Chambre sociale, 30 mai 2024 — 22/00714
Texte intégral
S.A.S. DIM FRANCE
C/
[F] [R]
Expédition revêtue de la formule exécutoire délivrée le 30/05/24 à :
-Me JANIER
C.C.C délivrées le 30/05/24 à :
-Me DESCHAUD
RÉPUBLIQUE FRANÇAISE - AU NOM DU PEUPLE FRANÇAIS
COUR D'APPEL DE DIJON
CHAMBRE SOCIALE
ARRÊT DU 30 MAI 2024
MINUTE N°
N° RG 22/00714 - N° Portalis DBVF-V-B7G-GB2V
Décision déférée à la Cour : Jugement Au fond, origine Conseil de Prud'hommes - Formation paritaire de CHALON SUR SAONE, section IN, décision attaquée en date du 21 Septembre 2022, enregistrée sous le n° F21/00077
APPELANTE :
S.A.S. DIM FRANCE
[Adresse 1]
[Localité 3]
représentée par Me Laurent DESCHAUD de la SELARL CAPSTAN - PYTHEAS, avocat au barreau de MARSEILLE substituée par Maître Arnaud CERUTTI, avocat au barreau de MARSEILLE
INTIMÉ :
[F] [R]
[Adresse 4]
[Adresse 4]
[Localité 2]
représenté par Me Alexis JANIER de la SARL JANIER & SPINA, avocat au barreau de DIJON substituée par Maître Arthur SPINA, avocat au barreau de DIJON
COMPOSITION DE LA COUR :
L'affaire a été débattue le 30 Avril 2024 en audience publique devant la Cour composée de :
Olivier MANSION, Président de chambre, Président,
Fabienne RAYON, Présidente de chambre,
Rodolphe UGUEN-LAITHIER, Conseiller,
Après rapport fait à l'audience par l'un des magistrats de la composition, la cour, comme ci-dessus composée a délibéré.

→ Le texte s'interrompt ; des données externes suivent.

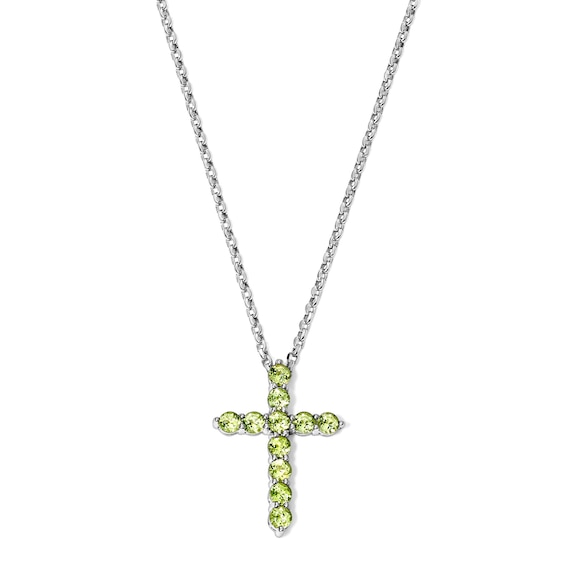 Peridot Cross Necklace in Sterling Silver - 18"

GREFFIER LORS DES DÉBATS : Jennifer VAL,
ARRÊT rendu contradictoirement,
PRONONCÉ par mise à disposition au greffe de la Cour, les parties en ayant été préalablement avisées dans les conditions prévues au deuxième alinéa de l'article 450 du code de procédure civile,
SIGNÉ par Olivier MANSION, Président de chambre, et par Jennifer VAL, Greffière, à qui la minute de la décision a été remise par le magistrat signataire.
EXPOSÉ DU LITIGE :
M. [R] (le salarié) a été engagé le 16 juin 1978 par contrat à durée indéterminée par la société DIM France (l'employeur).
Il a été licencié le 7 juillet 2017 pour motif économique.
Par la suite, les parties ont signé un protocole transactionnel le 27 juillet 2017.
Estimant que l'employeur aurait mal appliqué les plafonds de sécurité sociale sur l'allocation de reclassement et aurait procédé à un prélèvement trop important sur les indemnités de rupture, le salarié a saisi le conseil de prud'hommes qui, par jugement du 21 septembre 2022, a accueilli partiellement les demandes en paiement et a condamné l'employeur au paiement de diverses sommes.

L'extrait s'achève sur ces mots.